Robin can’t help herself—the old flame bursts into life again. “That’s a horrible attitude to have toward your wife,” she says. “Doesn’t she deserve a loving rel
ationship too?”
“My wife’s dead,” he says, his voice strangled. “Sarah was our nanny.”
FORTY-THREE
ROBIN|PRESENT DAY
Robin is silent, her heart banging around in her chest. She’s heard only fractions of what Jim is saying, but she’s trying to put it into the right order. She can’t make it fit, because it makes no sense.
“I mean, Sarah was a godsend after Elaine died, and Violet adored her, but she crossed so many lines, even before…” He trails off.
Sarah is not Violet’s mother. She is not Jim’s wife. She is not desperately seeking help to win her own family back. In fact, Robin doesn’t know what, or who, her sister really is. A cold wind runs up and down Robin’s legs. She hadn’t seen her sister in years. But she didn’t think to question any of what she said. Who was the woman upstairs?
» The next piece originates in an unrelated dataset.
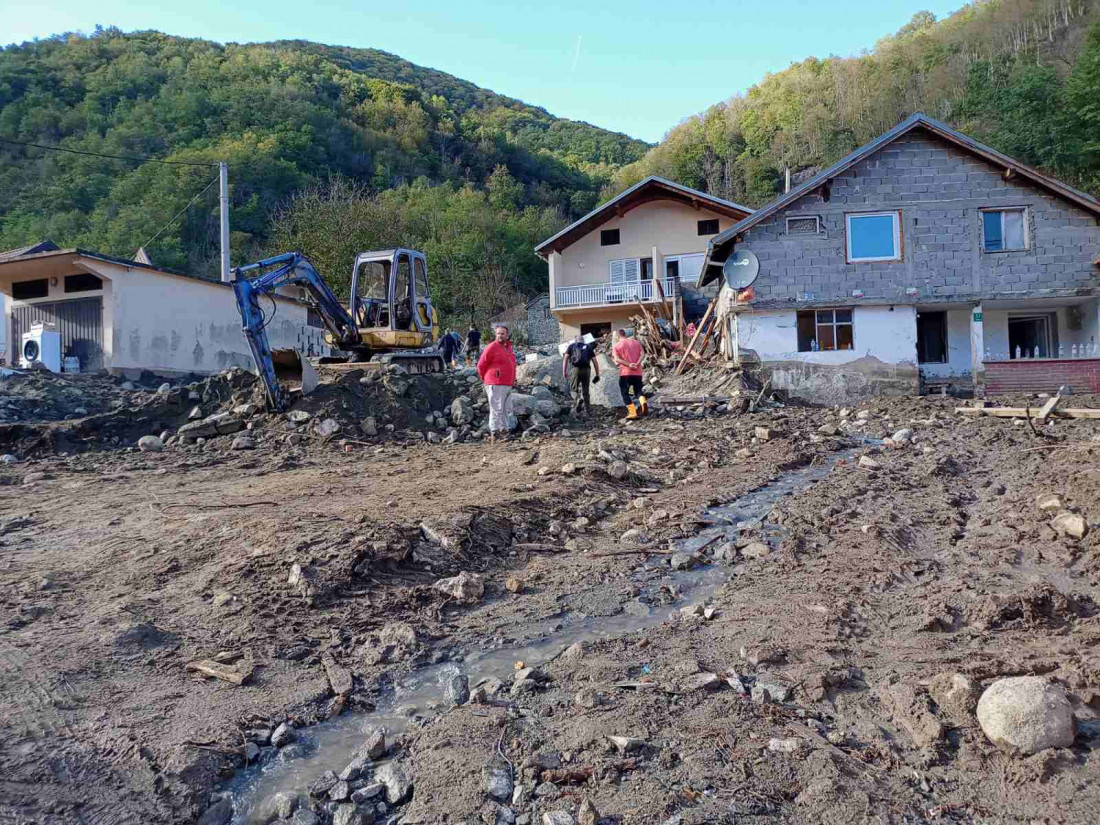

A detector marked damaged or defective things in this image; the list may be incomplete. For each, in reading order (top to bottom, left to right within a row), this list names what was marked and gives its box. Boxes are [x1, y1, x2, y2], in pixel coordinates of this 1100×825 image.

“Are you still there?” His voice is impatient, confused.
“Yeah,” Robin gasps. “I just…this is news to me. I don’t really understand. So you’re really not married to my sister?”
“No. Absolutely not. She was our live-in nanny.”
“Just your nanny,” Robin repeats, trying to make the word fit comfortably in her mouth.
“Look, she was great at first, but she got way too attached and her behavior became stranger and stranger. I kept her on for the consistency and, honestly, because I had my own stuff to deal with, but then she crossed a line. More than one. Lots of lines. My daughter is my priority.”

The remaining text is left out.